PROBLEM TO WORK ON ▸
What you return must match the records exactly, except that the pictures are gone.

* * *

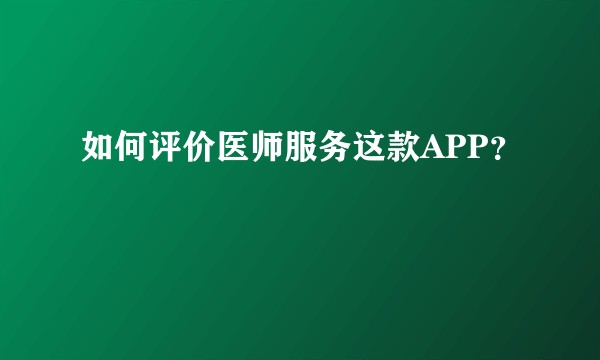 如何评价医师服务这款APP？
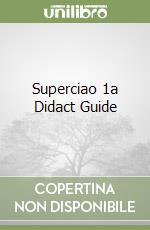 Superciao 1a Didact Guide libro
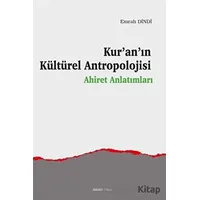 Kur’an’ın Kültürel Antropolojisi - Emrah Dindi - Ankara Okulu Yayınları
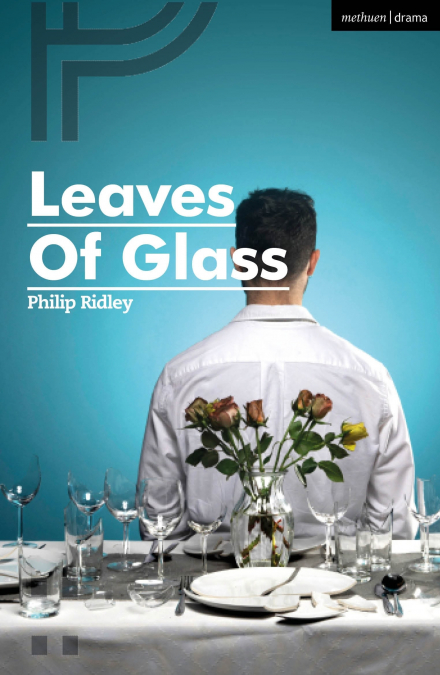 LEAVES OF GLASS
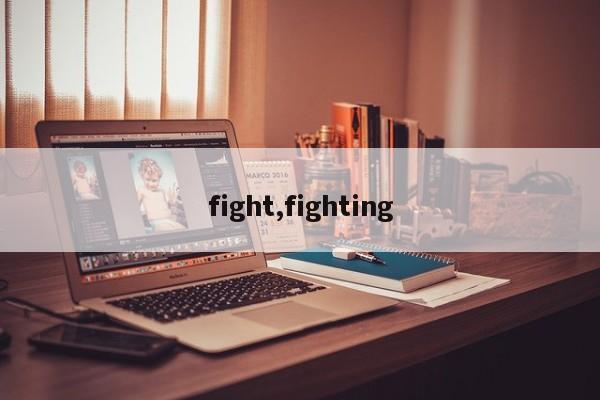 fight,fighting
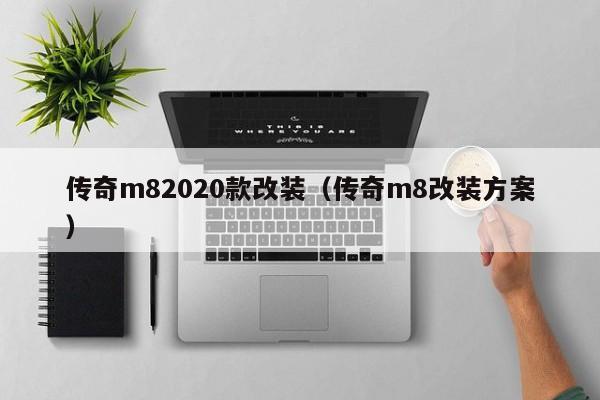 传奇m82020款改装（传奇m8改装方案）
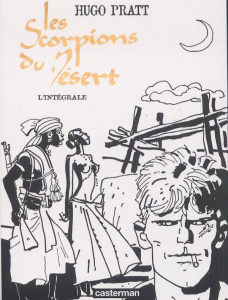 Les scorpions du désert : L'intégrale - Pratt Hugo ; Frigau Céline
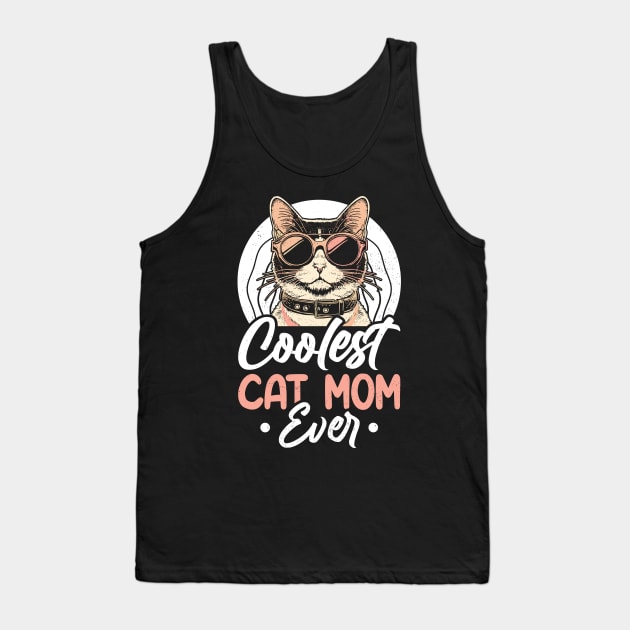 Retro Coolest Cat Mom Ever Pet Lover Vintage Mothers Day Tank Top by rhazi mode plagget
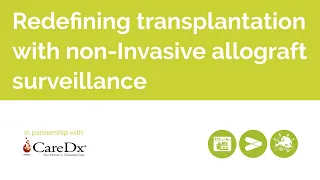Redefining Transplantation with Non Invasive Allograft Surveillance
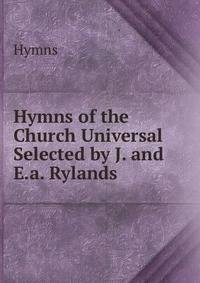 Hymns of the Church Universal Selected by J. and E.a. Rylands.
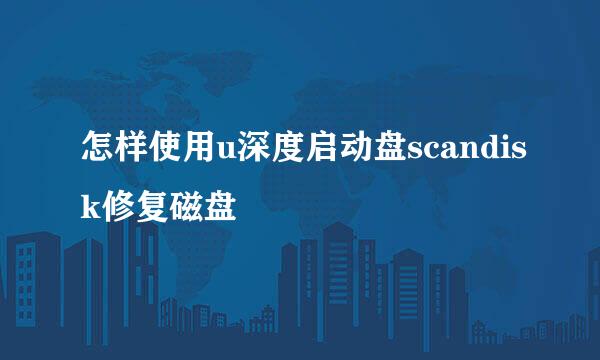 怎样使用u深度启动盘scandisk修复磁盘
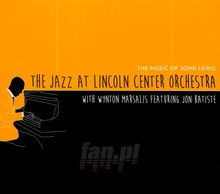 Music Of John Lewis - Jazz At Lincoln Center Orchestra  / Wynton  Marsalis 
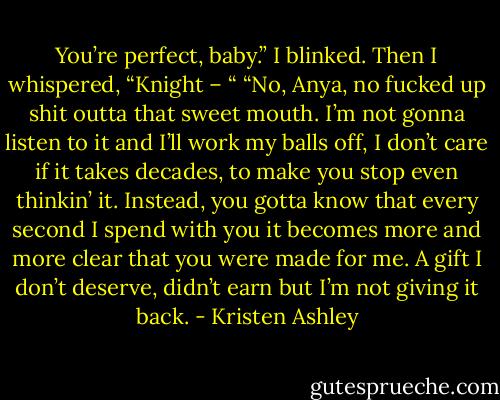 You’re perfect, baby.”<br />I blinked. Then I whispered, “Knight – “<br />“No, Anya, no fucked up shit outta that sweet mouth. I’m not gonna listen to it and I’ll work my balls off, I don’t care if it takes decades, to make you stop even thinkin’ it. Instead, you gotta know that every second I spend with you it becomes more and more clear that you were made for me. A gift I don’t deserve, didn’t earn but I’m not giving it back. - Kristen Ashley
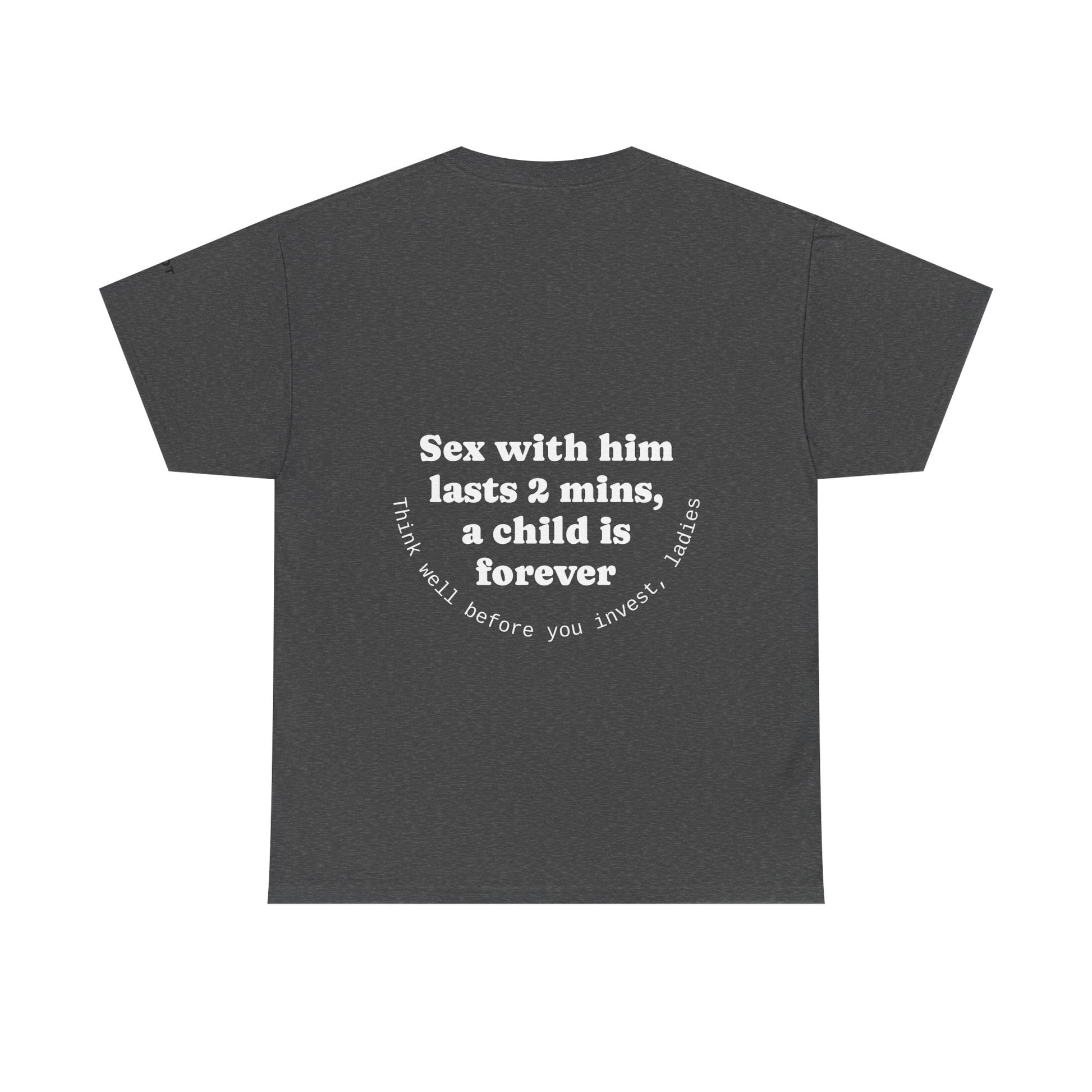 Sex with him lasts 2 minutes, a child is forever. Think well before you invest, ladies - The Voice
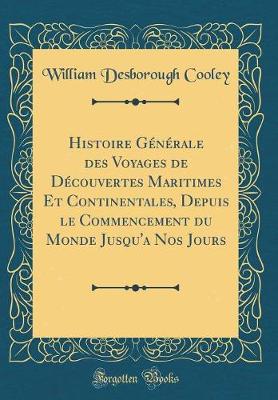 Book cover for Histoire Generale Des Voyages de Decouvertes Maritimes Et Continentales, Depuis Le Commencement Du Monde Jusqu'a Nos Jours (Classic Reprint)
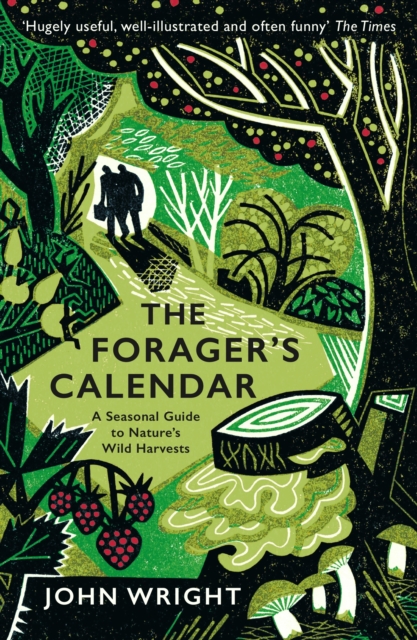 The Forager's Calendar : A Seasonal Guide to Nature's Wild Harvests, EPUB eBook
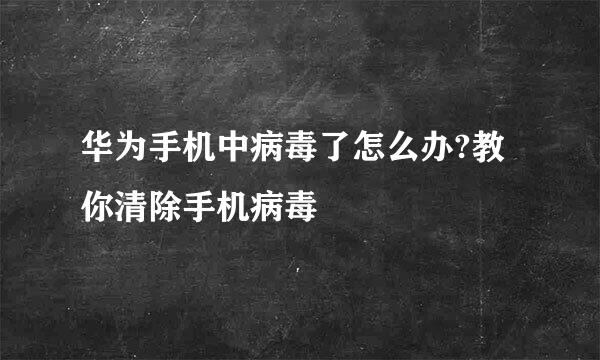 华为手机中病毒了怎么办?教你清除手机病毒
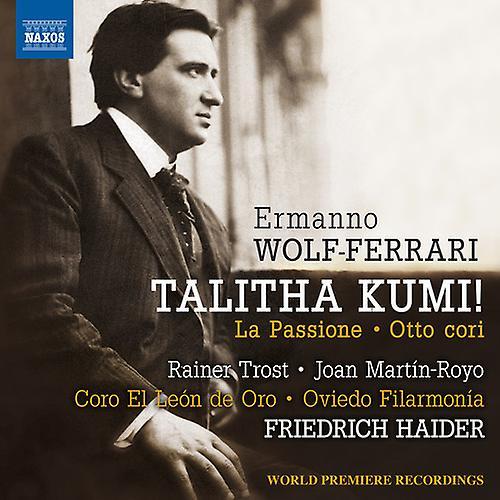 Naxos Ferrari / Trost / Haider - Talitha Kumi / la Passione  [COMPACT DISCS] USA import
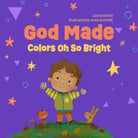 Cover image for God Made Colors Oh So Bright, isbn: 9780830784349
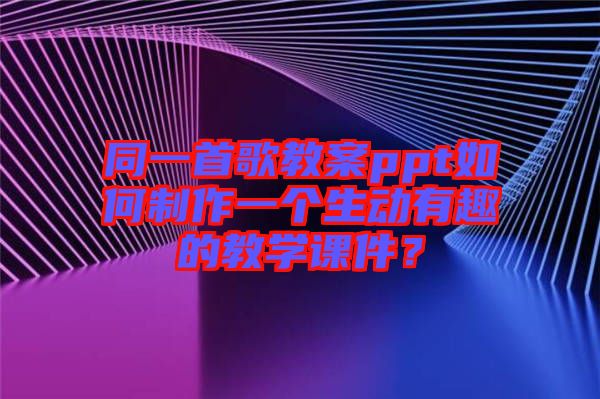 同一首歌教案ppt如何制作一個(gè)生動(dòng)有趣的教學(xué)課件？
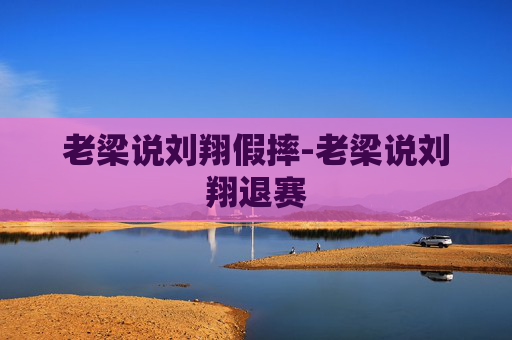 老梁说刘翔假摔-老梁说刘翔退赛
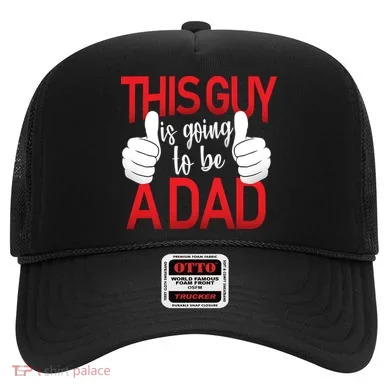 This Guy Is Going To Be A Dad Hat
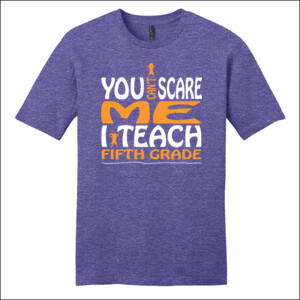 You Can't Scare Me-I Teach Fifth Grade - District - Very Important Tee ® - DTG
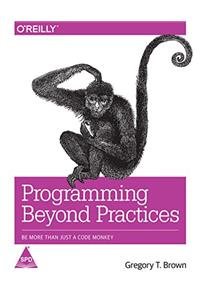 Programming Beyond Practices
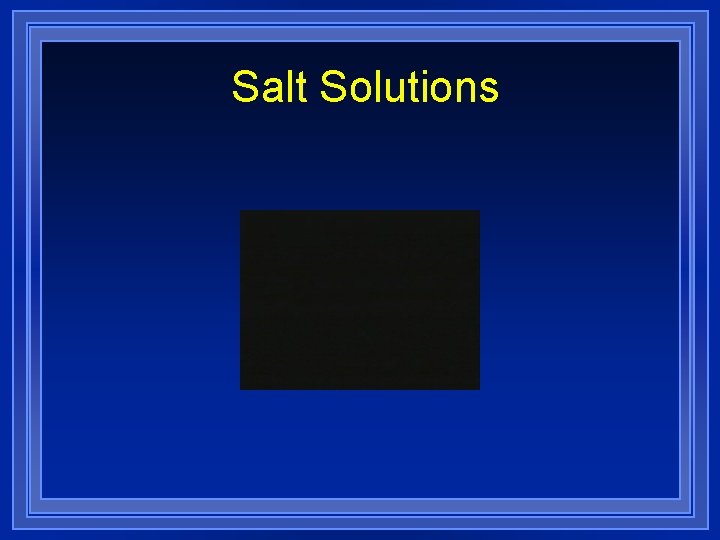 Salt Solutions 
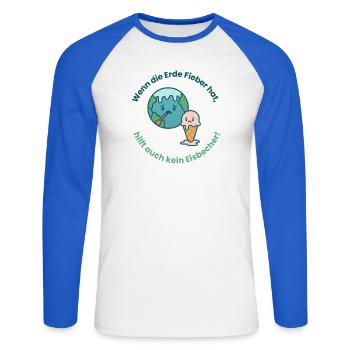 "Wenn die Erde Fieber hat, hilft kein Eisbecher" - Unisex Baseballshirt langarm - Weiß/Royalblau - Vorne - Nik (191cm)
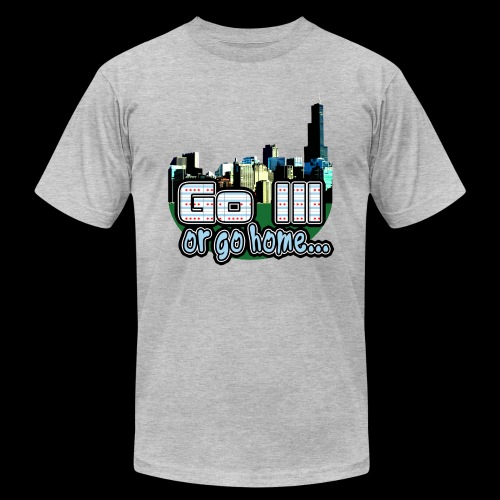 Go Ill or Go Home - Unisex Jersey T-Shirt by Bella + Canvas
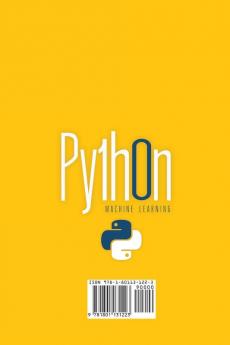 Python Machine Learning: the complete beginner's guide to deep learning with python.Learn to use scikit-learn and pandas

* * *

YOUR RESPONSE ▸
 如何评价医师服务这款APP？
 Superciao 1a Didact Guide libro
 Kur’an’ın Kültürel Antropolojisi - Emrah Dindi - Ankara Okulu Yayınları
 LEAVES OF GLASS
 fight,fighting
 传奇m82020款改装（传奇m8改装方案）
 Les scorpions du désert : L'intégrale - Pratt Hugo ; Frigau Céline
 Retro Coolest Cat Mom Ever Pet Lover Vintage Mothers Day Tank Top by rhazi mode plagget
Redefining Transplantation with Non Invasive Allograft Surveillance
 Hymns of the Church Universal Selected by J. and E.a. Rylands.
 怎样使用u深度启动盘scandisk修复磁盘
 Music Of John Lewis - Jazz At Lincoln Center Orchestra  / Wynton  Marsalis 
 You’re perfect, baby.”<br />I blinked. Then I whispered, “Knight – “<br />“No, Anya, no fucked up shit outta that sweet mouth. I’m not gonna listen to it and I’ll work my balls off, I don’t care if it takes decades, to make you stop even thinkin’ it. Instead, you gotta know that every second I spend with you it becomes more and more clear that you were made for me. A gift I don’t deserve, didn’t earn but I’m not giving it back. - Kristen Ashley
 Sex with him lasts 2 minutes, a child is forever. Think well before you invest, ladies - The Voice
 Book cover for Histoire Generale Des Voyages de Decouvertes Maritimes Et Continentales, Depuis Le Commencement Du Monde Jusqu'a Nos Jours (Classic Reprint)
 The Forager's Calendar : A Seasonal Guide to Nature's Wild Harvests, EPUB eBook
 华为手机中病毒了怎么办?教你清除手机病毒
 Naxos Ferrari / Trost / Haider - Talitha Kumi / la Passione  [COMPACT DISCS] USA import
 Cover image for God Made Colors Oh So Bright, isbn: 9780830784349
 同一首歌教案ppt如何制作一個(gè)生動(dòng)有趣的教學(xué)課件？
 老梁说刘翔假摔-老梁说刘翔退赛
 This Guy Is Going To Be A Dad Hat
 You Can't Scare Me-I Teach Fifth Grade - District - Very Important Tee ® - DTG
 Programming Beyond Practices
 Salt Solutions 
 "Wenn die Erde Fieber hat, hilft kein Eisbecher" - Unisex Baseballshirt langarm - Weiß/Royalblau - Vorne - Nik (191cm)
 Go Ill or Go Home - Unisex Jersey T-Shirt by Bella + Canvas
 Python Machine Learning: the complete beginner's guide to deep learning with python.Learn to use scikit-learn and pandas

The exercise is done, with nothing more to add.